70 - FIM DO MUNDO
Perpétuo, o
menino-poeta, ensaiou um primeiro esboço naquela parede que parecia ter sido
erguida à medida da sua mão. Preparou-se para levar a tarefa até ao fim para
afastar do peito o seu primeiro grande medo de criança — gestos que vem repetindo
desde há séculos — são já aos milhares
as paredes que desfez em pó.
As árvores que
ali nasceram muito cedo deram sombras e todos os Lavinhenses as aproveitaram.
Nos dias de chuva e em dias nublados, o vento soprava as ramagens e agitava
os troncos de que eram construídas. O outono chegava e mudava-lhes a cor, o
inverno vinha depois para as despir deixando-as magras e tristonhas.
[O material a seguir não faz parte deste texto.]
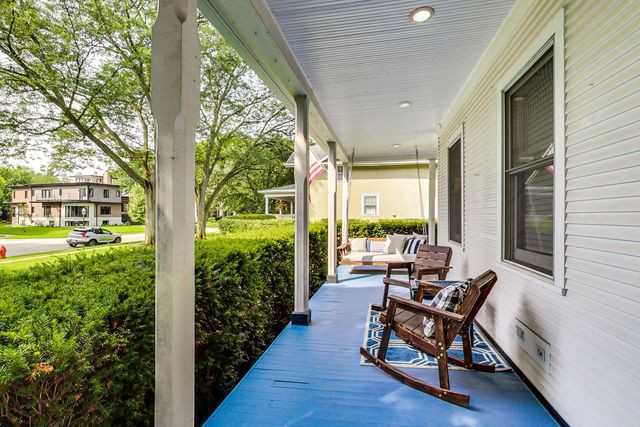 220 Lawton - Photo 3 of 50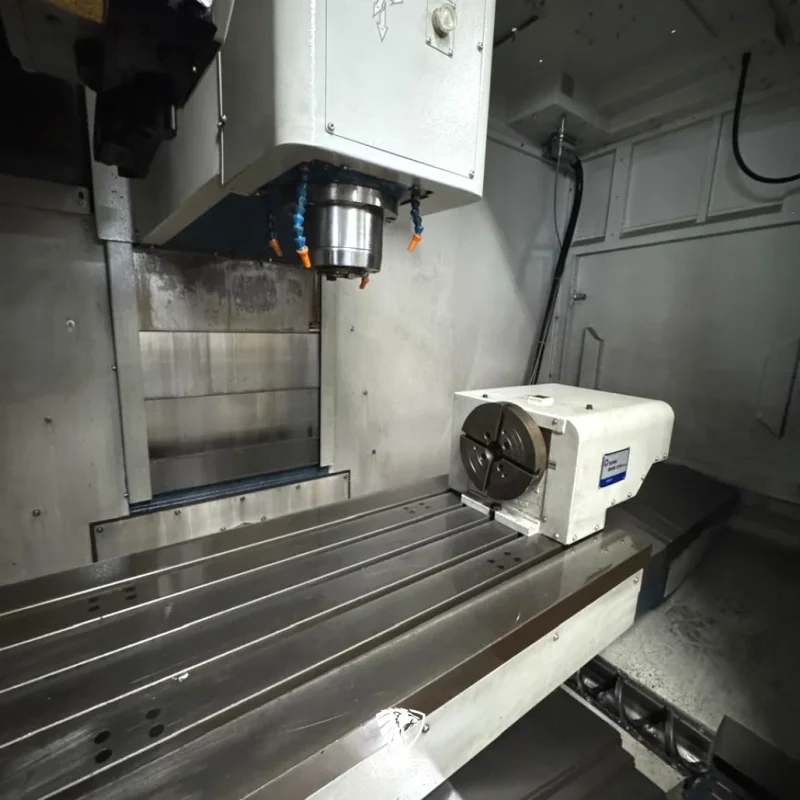 centro-de-usinagem-vertical-romi-d1250-com-4-eixo-mgr-230-e-fanuc-0i-mf-plus-2024-09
As árvores
ressequidas chegavam miraculosamente intactas à primavera e ficavam felizes com
a chegada do verão. A voz clamorosa das montanhas fazia uma pausa nas
tempestades, sufocava-lhes os gritos e iluminava-lhes a escuridão.
Um arrepio de
frio chegou vindo de um outro tempo, de um outro mundo. Perpétuo teve saudades,
sentiu saudades de Marília e daquele cantinho de telhado para onde subia e onde
vivia mais devagarinho. Aquecia-se lá em cima como em nunhum outro lugar. O
poeta sabe que nunca mais voltará a aquecer-se por ali, sabe que lhe restam
poucas horas de vida e só já lhe apetece gritar!
- Pudesse eu
gritar, e gritaria! Agora sonho a sorrir, sonho que durmo e sonho uma história
louca que mal compreendo, e adormeço de novo a rodopiar na mesma queda imensa.
Lavinhos talvez seja a única aldeia do mundo que desconheço, mas é lá que tenho
os nervos ligados à caliça da parede do meu quarto e estou convencido que ele existe,
e que tudo isto existe — ou apenas isto existe e nada mais
O tempo não
existe, nenhum tempo é real, erramos no universo ao qual pertencemos desde
sempre, e todos somos o seu Deus, os que ainda vivem e todos os que faleceram. Os
mortos gritam dentro de nós, somos pedaços de todos esses mortos, muito menos completos
do que foram, menos sensíveis, menos imortais.
O Toninho Faneca
e eu naufragámos neste sonho... chegámos depressa onde não queríamos. Chegámos depressa
ao mesmo ponto de partida onde víamos o grande mar oceano a brilhar por debaixo
de uma lua feita de prata que caminhava connosco rumo ao desconhecido. A ela
prendemos os olhos e acalmámos os receios, e depois naufragámos…
Nunca acordámos
verdadeiramente deste sonho esplêndido.